The robin is manipulated by the actress who plays Martha, who makes it flitter from branch to rake head with convincing birdlike skittishness. She also shifts from Martha’s Yorkshire accent to an avian trilling which contains auditory hints of human language. The fox is a sinuous wind of bristly material with a vulpine snout at its head, which is made to glide and weave across the stage in Dickon’s wake. There is also a miniscule puppet of Mr Craven, which stands in for the actor playing the role during part of his endless journeying. It slowly ascends the Alpine slope of an upward sweep of curtain, whose creases are crevasses and folds escarpments. Its tiny form symbolises the insignificance of man in the face of the spectacle of the Romantic sublime in all its terrifying grandiosity. It also represents Mr Craven’s own diminished and desolate spiritual state. His self-punishing journeys and his confrontation with immensity and the void is a dead end. He needs to return home to discover that nature can also reveal itself on a human scale, against which a sense of meaning can more appreciably be measured.

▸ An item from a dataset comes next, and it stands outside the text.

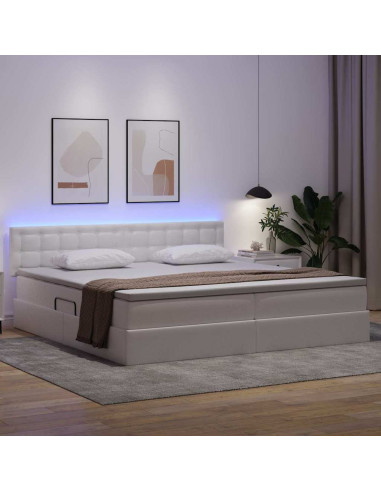 Letto con contenitore e LED con led Grigio chiaro 200 x 200 cm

This was a performance which also incorporated much choreographed physical movement, which often approached the condition of dance. On her trip over to England, Mary was handled like a piece of baggage, her body remaining rigidly straight as she was lifted, spun around and deposited, a passive and unyielding ballerina. The motion of the train in which Mary and Mrs Medlock travelled was conveyed by a rhythmic bounce, ending with a tilting forward sway as it came to a juddering halt. There was a certain amount of miming involved in the opening of invisible doors and the negotiating of phantom garden walkways. The chorus also prowled and leapt in a very balletic manner, sprites treading lightly upon the ground, creatures of the air as much as of the earth.
This was a thoroughly engaging, charming and heartwarming piece of storytelling. Angel Exit Theatre brought the world of the book to life with great imagination and invention, bringing their own particular perspective to the story. They drew out its Pagan aspects, its English nature mysticism (I don’t know to what extent these are apparent in the novel). It is a rewarding and worthy way of celebrating the centenary of The Secret Garden’s publication, marking the continuing fascination exerted by an enduring classic of children’s literature. The company continue on their tour through January, February and March, ending up in Poole in Dorset in April.